OpenAI has launched a new initiative called OpenAI Data Partnerships. The goal is to build AI models that deeply understand all subjects, industries, cultures, and languages.
Big AI models learn skills and aspects of the world by interpreting the data they are trained on. To create an AGI that is safe and useful for all of humanity, AI models need a rich training dataset, OpenAI writes.
By incorporating diverse content, AI models could be better able to understand specific domains, which is crucial for their practical applications.
Data diversity is crucial
OpenAI is already working with several partners, including the Icelandic government and the non-profit Free Law Project, who are interested in representing data from their country or sector. The Free Law Project's goal is to improve access to legal knowledge.
OpenAI is particularly interested in large datasets that reflect human society and are not already easily accessible to the public. The data can be text, images, audio, or video. Of particular interest is data that expresses human intent, regardless of language, subject, or format.

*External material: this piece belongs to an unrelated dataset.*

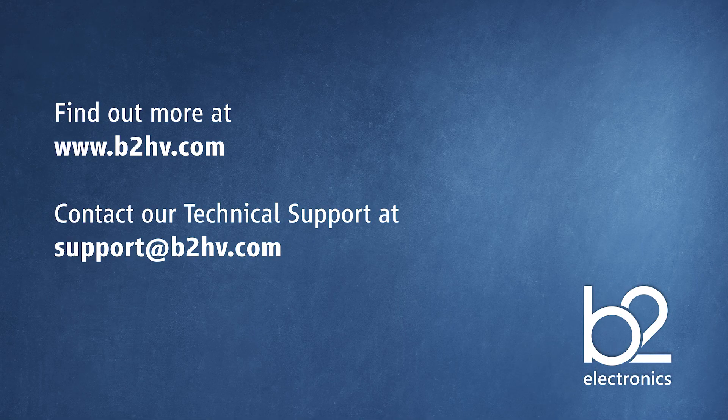Thank you for watching this video. If you would like more information about B2 and our products, please visit our website. And if you have any technical queries about your B2 device, please contact our technical support at support.b2hv.com.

There are currently two ways to work with OpenAI:
1. Open-source archive: the goal is to create an open-source language training dataset that is publicly available and can be used to train AI models. OpenAI will investigate how this dataset can be used to safely train other open-source models.
2. Private datasets: For organizations that want to keep their data private but still want AI models to better understand their domain, OpenAI prepares private datasets for training proprietary AI models, including base models and fine-tuned custom models. The company says it handles the data with the level of sensitivity and access controls desired by the partner.